The NZ Herald recently featured an article detailing the increase in foreign sex workers in New Zealand. New Zealand is noted as having some of the most progressive prostitution law regulations in the world. However, this progressivism does not extend to foreign workers, who are banned from taking up work in the sex industry. Given both anecdotal and statistical evidence appearing in the mainstream media, it appears that there are certainly significant numbers of foreign sex workers in New Zealand, working in breach of immigration law.
Take a look at section 19 of the Prostitution Reform Act 2003 and in particular the first two subsections;
19 Application of Immigration Act 2009
(1) No visa may be granted under the Immigration Act 2009 to a person on the basis that the person—
(a) has provided, or intends to provide, commercial sexual services; or
(b) has acted, or intends to act, as an operator of a business of prostitution; or
(c) has invested, or intends to invest, in a business of prostitution.
(2) It is a condition of every temporary entry class visa granted under the Immigration Act 2009 that the holder of the visa may not, while in New Zealand,—
(a) provide commercial sexual services; or
(b) act as an operator of a New Zealand business of prostitution; or
(c) invest in a New Zealand business of prostitution
The effect of these two subsections is to ban temporary entrants to New Zealand from owning, operating or working in the sex industry.
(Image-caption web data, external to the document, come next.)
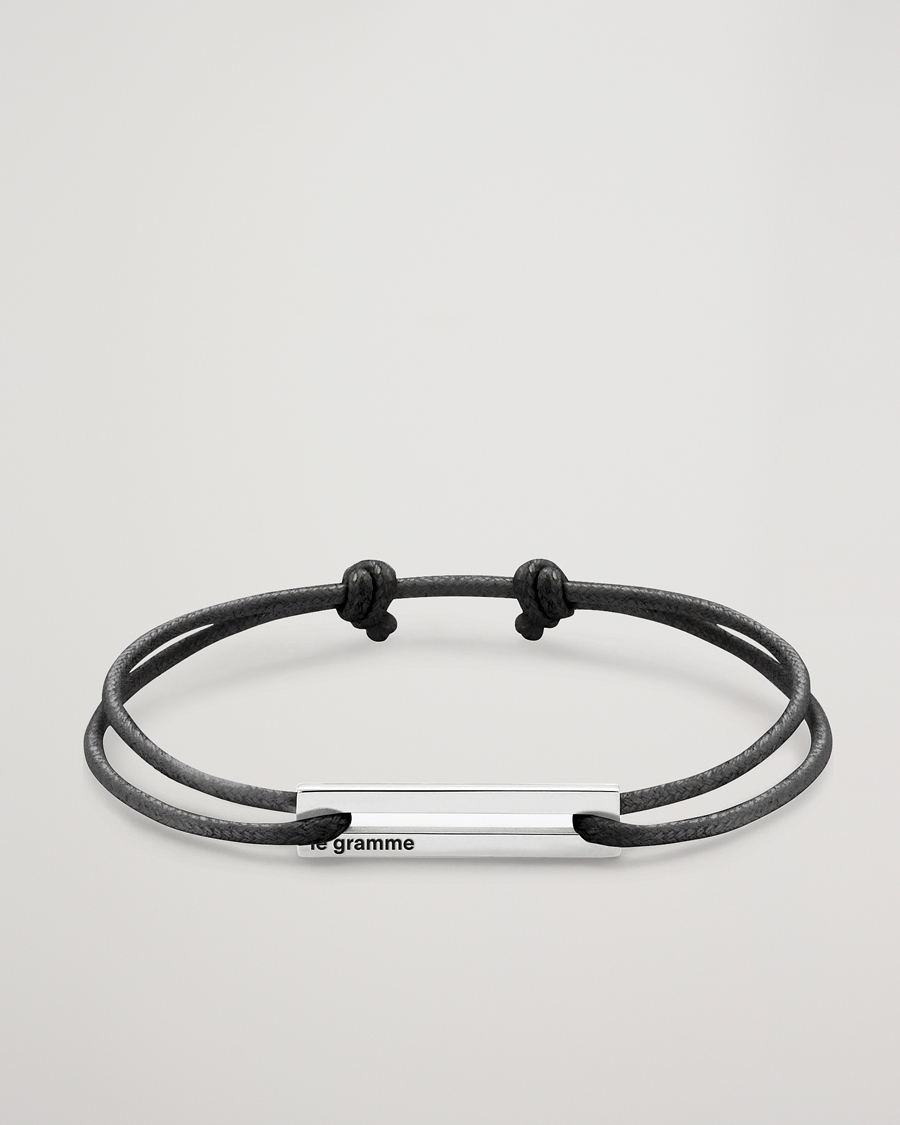 Hombres | Joyas | LE GRAMME | Cord Bracelet Le 17/10 Black/Sterling Silver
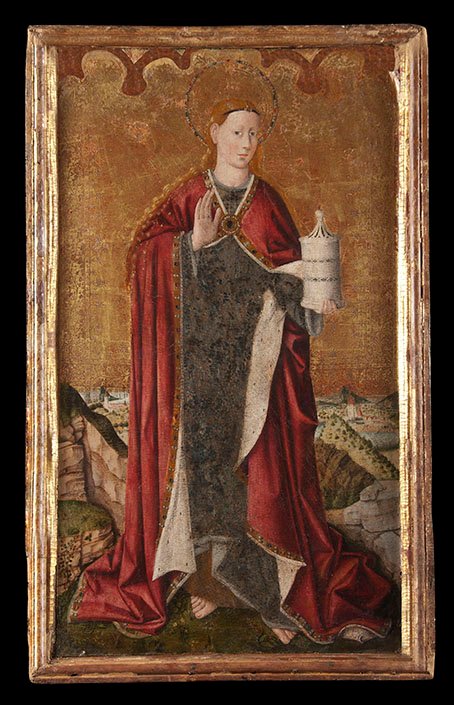 Santa María Magdalena, óleo sobre madera de Joan Reixac, una de las piezas que presentará la galería barcelonesa Bernat, único anticuario de España especializado en arte medieval y del Renacimiento.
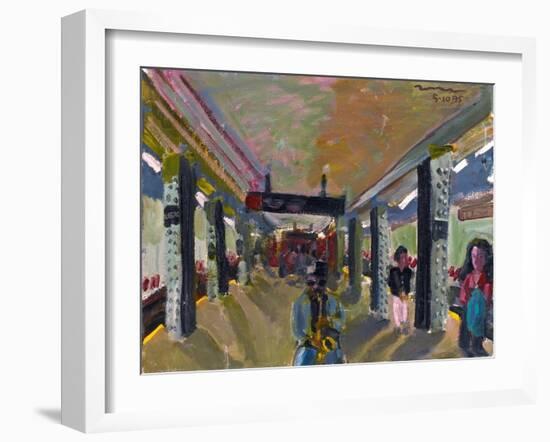 Saxophone in the Subway-Zhang Yong Xu-Framed Giclee Print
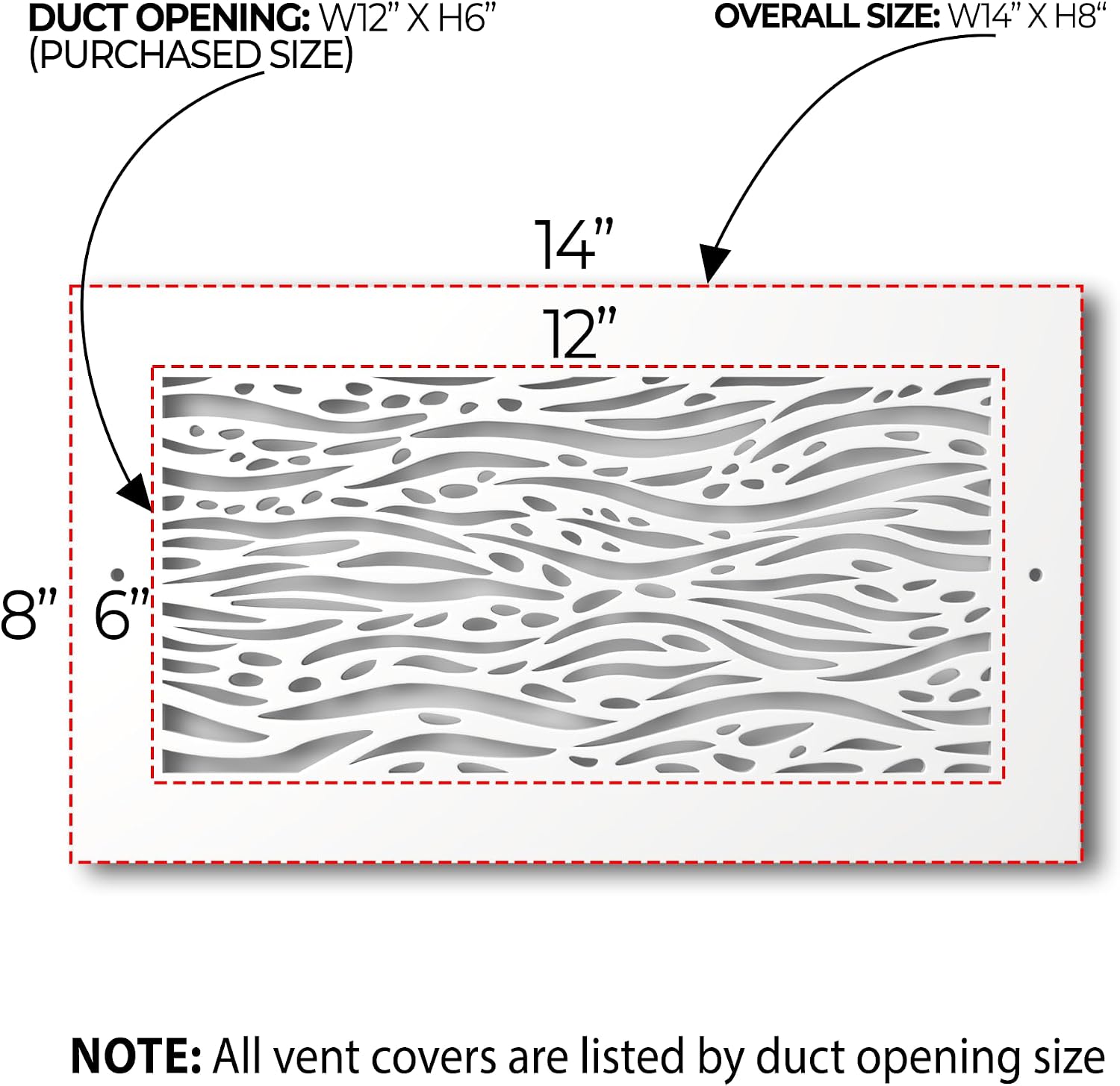 SABA Home Decor White Air Vent Cover - Acrylic Plexiglass 6" x 12" Duct Opening (8" x 14" Overall) Return Grille Decorative Covers for Walls & Ceilings NOT for Floor USE, Waves, Screws Installtion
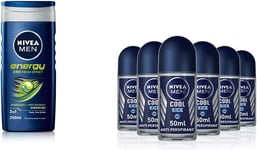 Nivea Men Energy Shower Gel, 250 Ml - Pack of 6 & MEN Cool Kick Anti-Perspirant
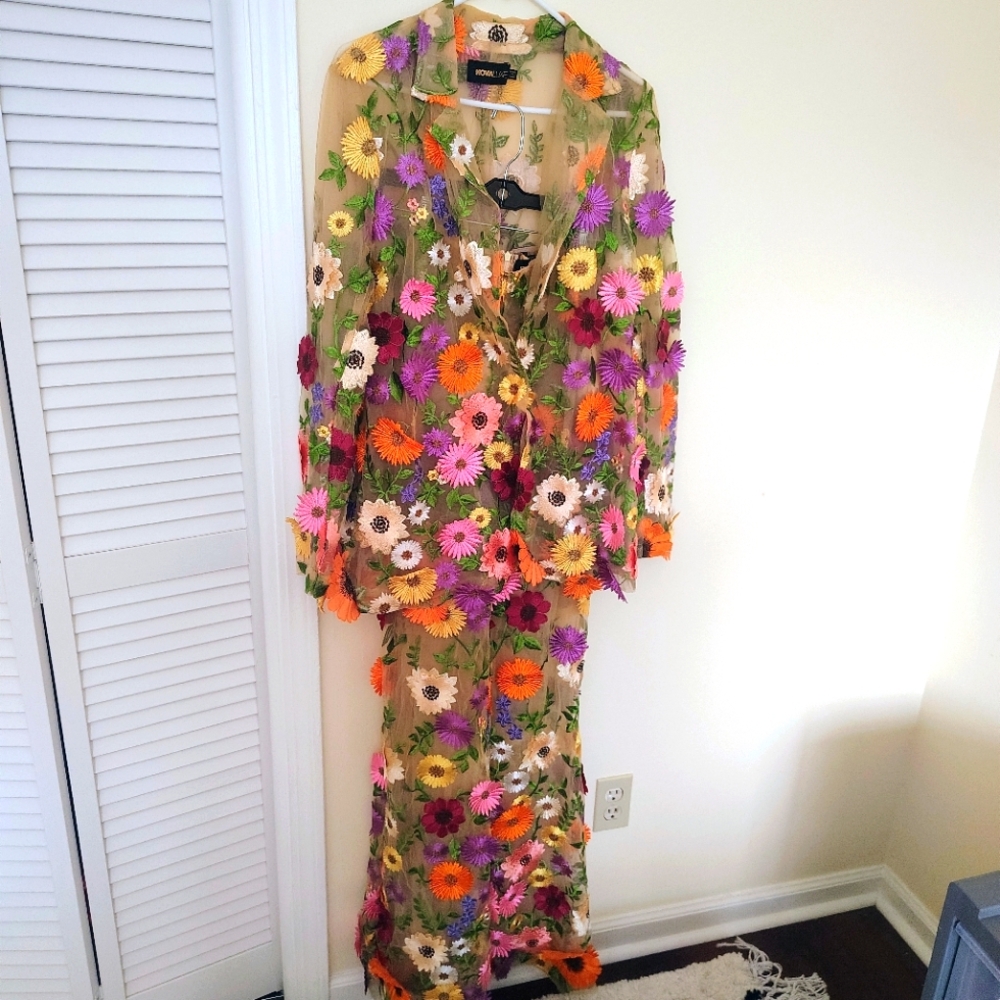 Novaluxe sheer flower blazer and pants
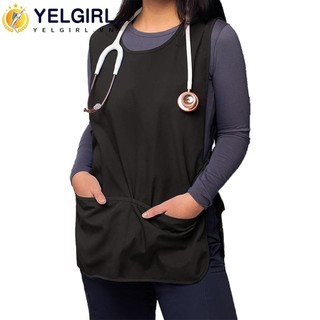 Áo Vest làm tóc YELGIRLA, Áo choàng làm tóc màu đen có thể giặt được, chống thấm nước với tạp dề áo Vest bỏ túi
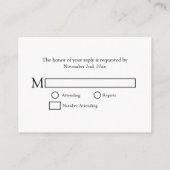 Mr. & the Mrs. (Lips and the Stache)ウェディングRSVP エンクロージャーカード (裏面)
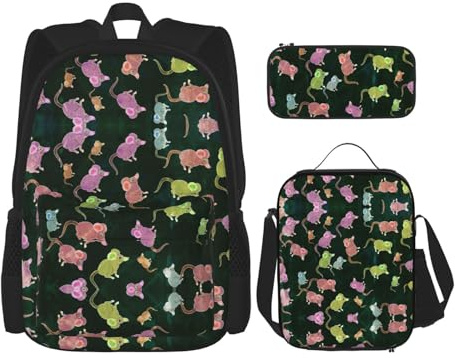 WURTON Rucksack mit niedlichem Maus-Druck, 3-in-1-Büchertaschen-Set, Lunchbox, Federmäppchen, Reise-Laptop-Tagesrucksäcke, Schwarz, Einheitsgröße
They cannot engage in sex work while in New Zealand, nor can they apply for a visa on the basis of this work.
There is quite clear legislative intent being implemented here. The provisions around immigration status and sex work were introduced via a Supplementary Order Paper (SOP), during the progress of the Prostitution Reform Bill. The then Minister of Immigration, Lianne Dalziel, spoke about the intent behind this particular section, saying that the SOP:
“Relates to amendments in respect of the Immigration Act to ensure that our obligation under the United Nations Convention Against Transnational Organised Crime and its protocols on the smuggling of migrants and trafficking of persons can be fully engaged in respect of prostitution and commercial sexual services. That is to ensure that in decriminalising the laws on prostitution, we do not unwittingly allow people to be brought into the country for the purposes of prostitution. [Emphasis added]”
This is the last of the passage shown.